**The problem:** There are pictures in the records below; leave them out and set down exactly the lines from the one holding "Vintage Halloween Raccoon" through the one holding "Paket CCTV Dahua 2 Kamera".

**Excerpted records:**
[Start of section]
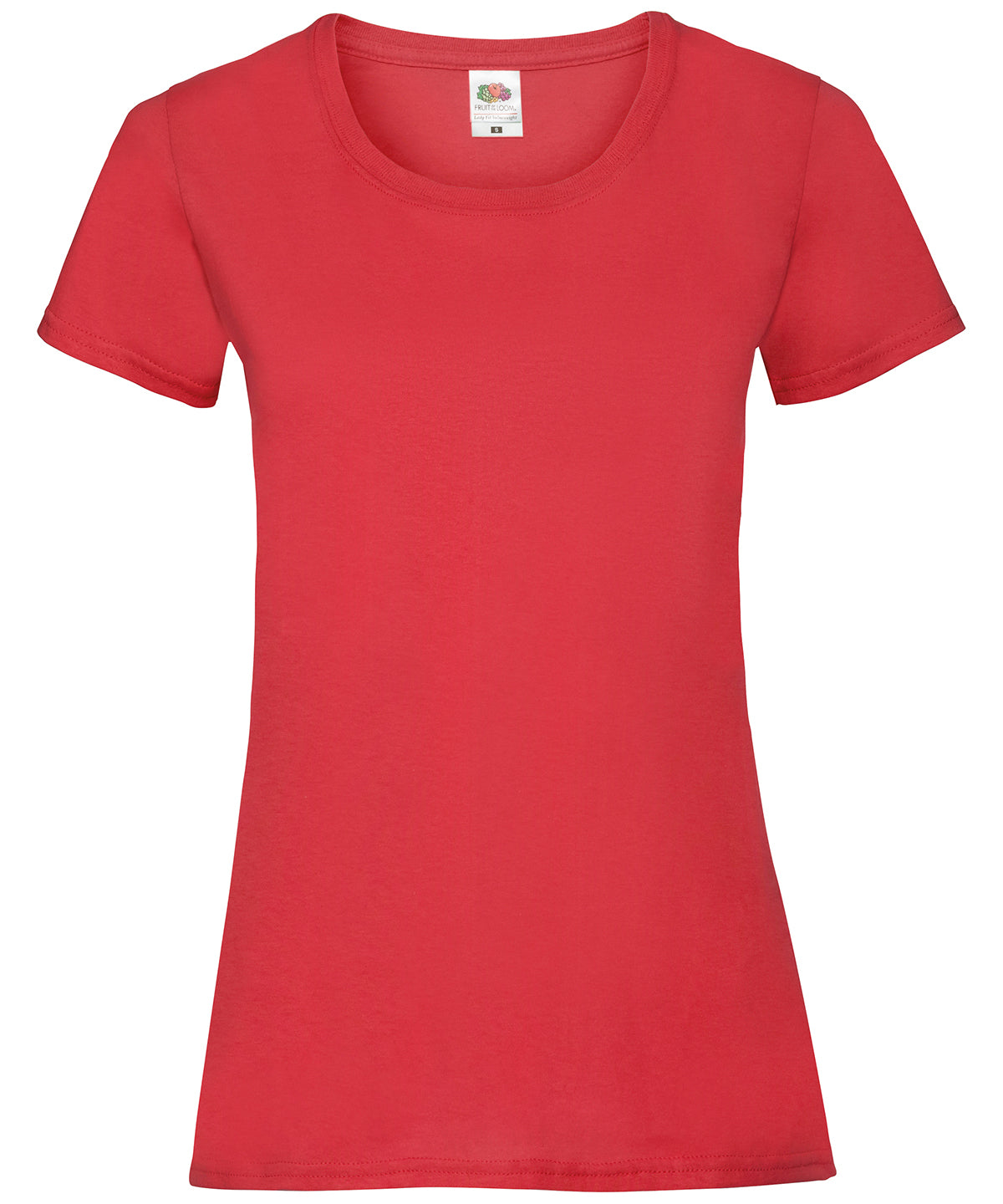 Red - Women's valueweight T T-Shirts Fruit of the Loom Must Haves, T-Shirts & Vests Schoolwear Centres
[End of section]
[Start of section]
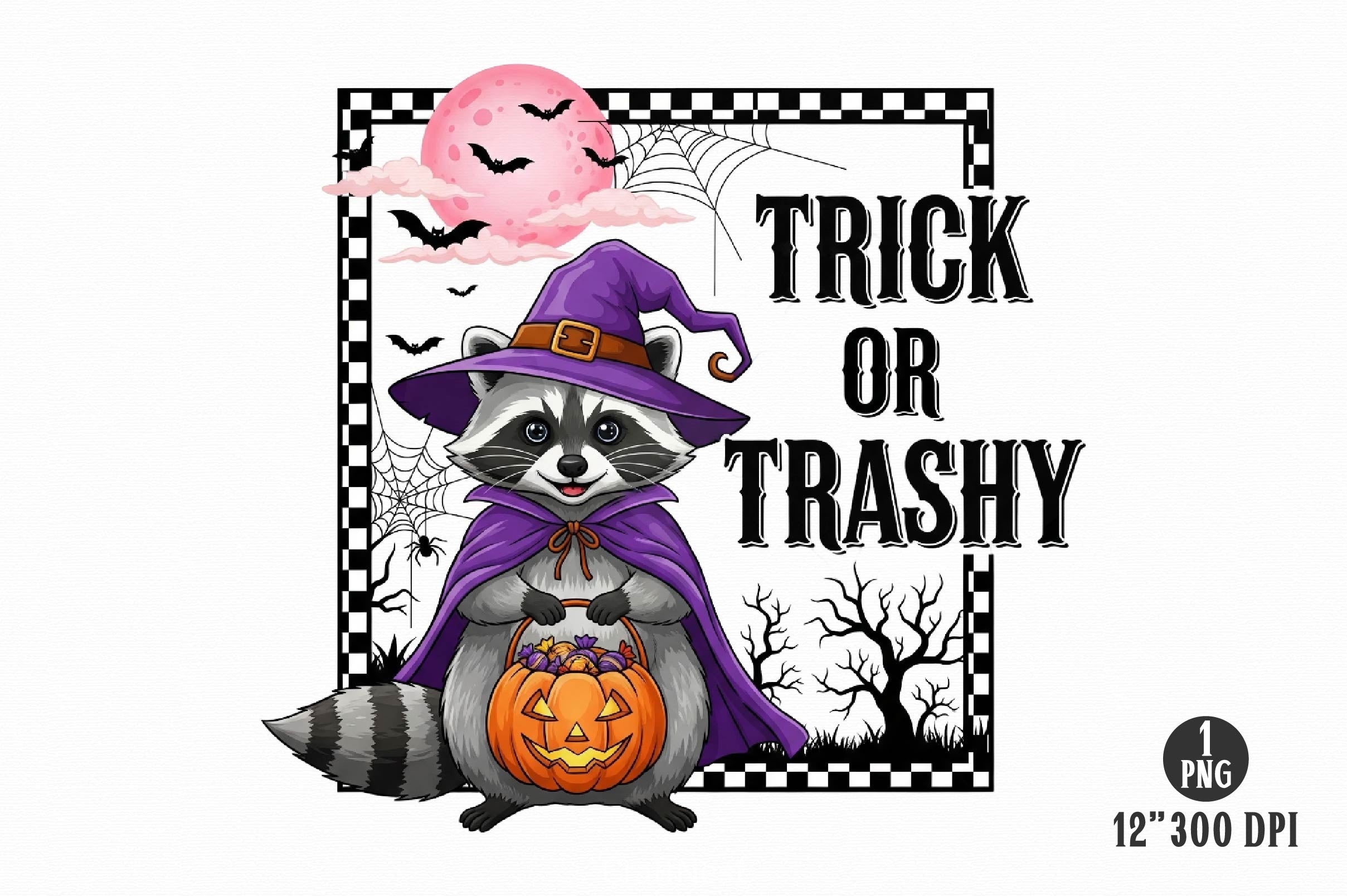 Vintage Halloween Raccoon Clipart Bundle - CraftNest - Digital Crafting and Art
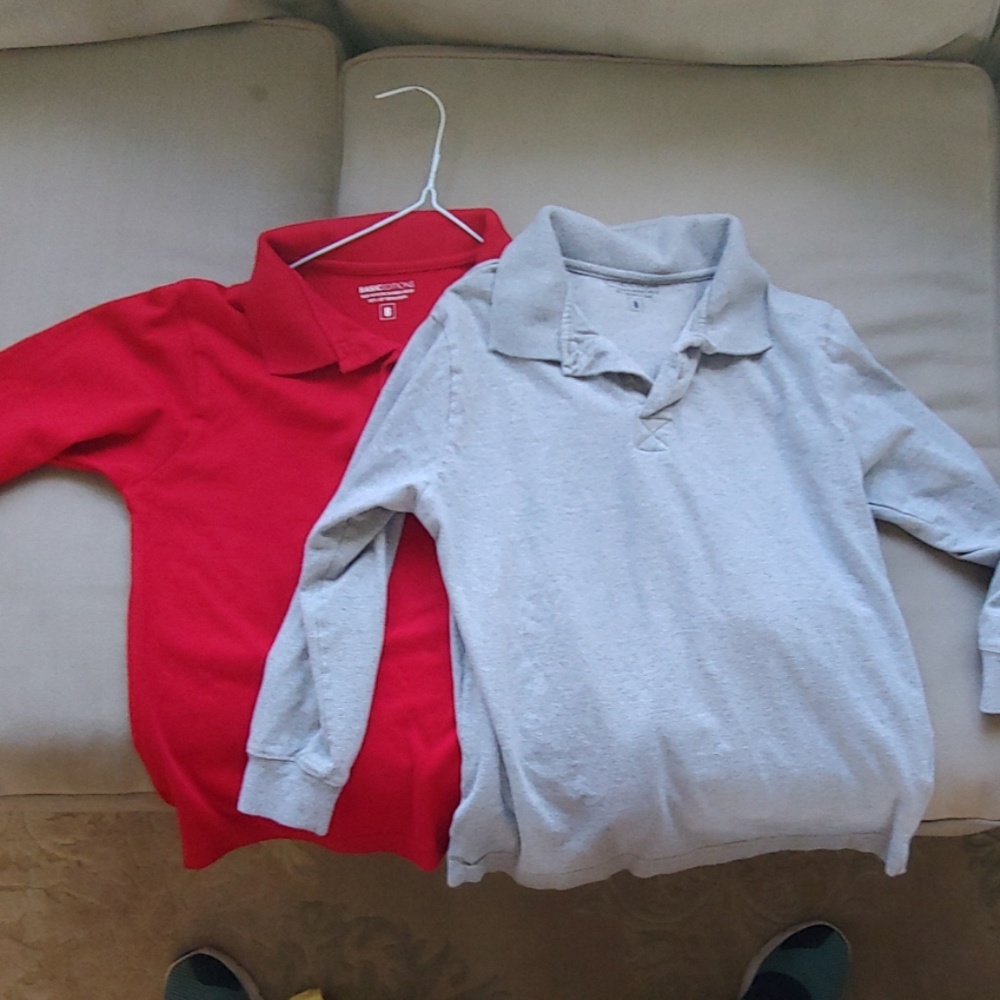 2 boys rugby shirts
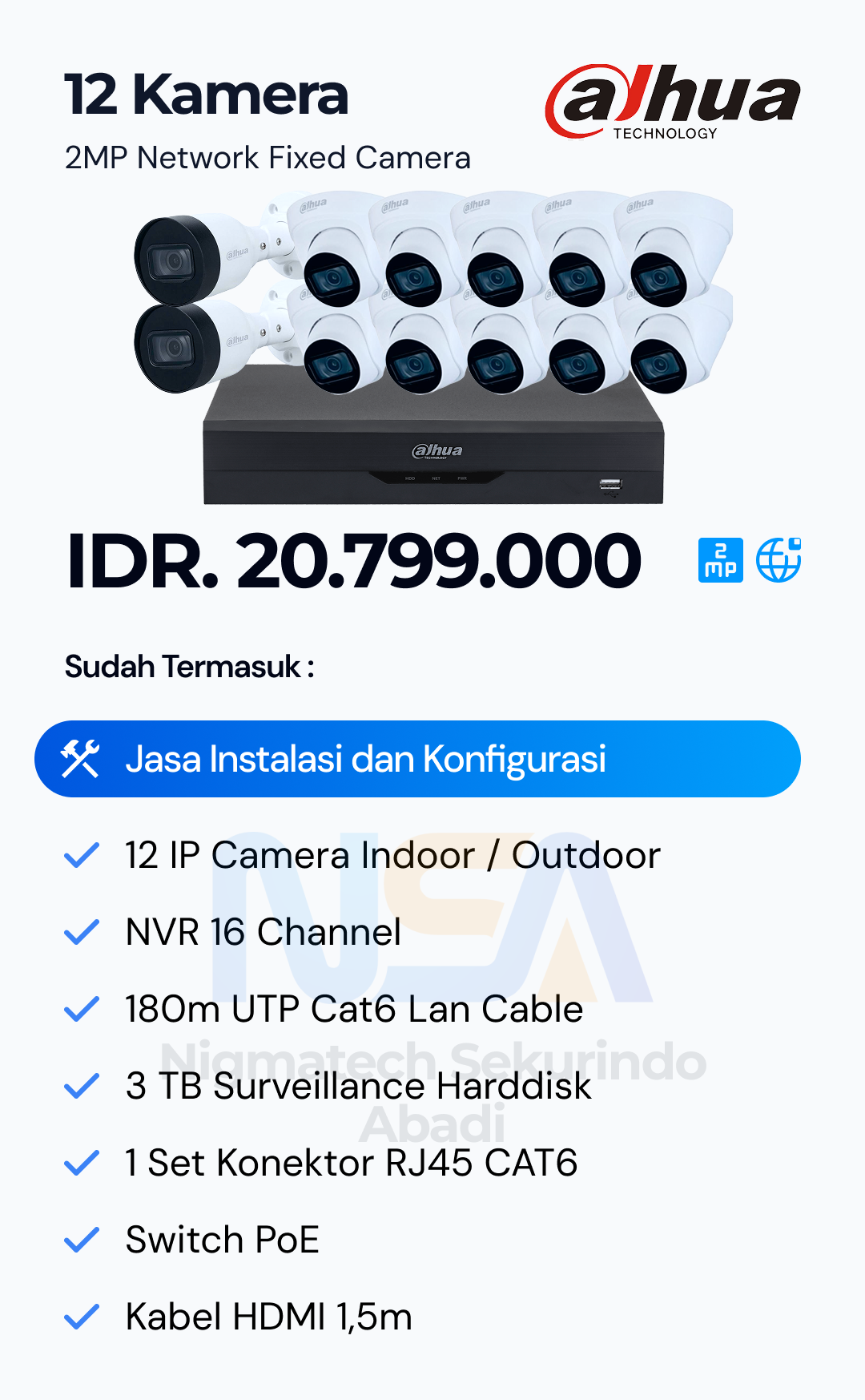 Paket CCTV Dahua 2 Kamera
[End of section]
**Your solution:**
 Vintage Halloween Raccoon Clipart Bundle - CraftNest - Digital Crafting and Art
 2 boys rugby shirts
 Paket CCTV Dahua 2 Kamera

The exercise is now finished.